I am trying to import a large dataset from Stata 13 into pandas using StataReader. This worked fine with pandas 0.13.1, but after I upgraded to 0.14.1, the ability to read .dta files seems to have drastically worsened. Does anybody know what has happened (I could not find any changes to StataReader in the "What's New" section of the pandas website), and/or how to get around this?
Steps to reproduce my issue:
Create a large dataset in Stata 13:
clear set obs 11500 forvalues i = 1/8000{ gen var`i' = 1 } saveold bigdataset, replace
Try to read it into pandas using StataReader:
from pandas.io.stata import StataReader reader = StataReader('bigdataset.dta') data = reader.data()

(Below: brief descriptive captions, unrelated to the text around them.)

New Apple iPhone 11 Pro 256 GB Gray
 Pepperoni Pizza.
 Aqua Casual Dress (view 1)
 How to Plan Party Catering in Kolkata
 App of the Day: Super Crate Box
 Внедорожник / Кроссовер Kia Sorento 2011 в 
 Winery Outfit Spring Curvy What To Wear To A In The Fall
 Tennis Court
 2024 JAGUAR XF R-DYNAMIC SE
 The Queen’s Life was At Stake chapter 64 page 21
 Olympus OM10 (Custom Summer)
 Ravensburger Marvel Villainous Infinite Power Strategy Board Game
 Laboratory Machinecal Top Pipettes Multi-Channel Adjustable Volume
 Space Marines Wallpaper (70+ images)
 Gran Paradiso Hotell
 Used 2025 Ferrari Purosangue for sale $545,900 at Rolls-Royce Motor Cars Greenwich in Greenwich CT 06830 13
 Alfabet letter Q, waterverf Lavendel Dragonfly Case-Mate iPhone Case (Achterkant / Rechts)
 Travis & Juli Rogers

Using pandas 0.13.1, this takes around 220 seconds, which is acceptable, but using pandas 0.14.1, nothing has happened even after waiting around 20 minutes.
When I test this issue with a smaller dataset:
Create a smaller dataset in Stata 13:
clear set obs 11500 forvalues i = 1/1000{ gen var`i' = 1 } saveold smalldataset, replace
Try to read it into pandas using StataReader:
from pandas.io.stata import StataReader reader = StataReader('smalldataset.dta') data = reader.data()
Using pandas 0.13.1, this takes around 20 seconds, but using pandas 0.14.1, this takes around 300 seconds.
I would really like to upgrade to the new pandas version and work with my data, which is around the size of bigdataset.dta. Does anybody know a way I could efficiently import my data?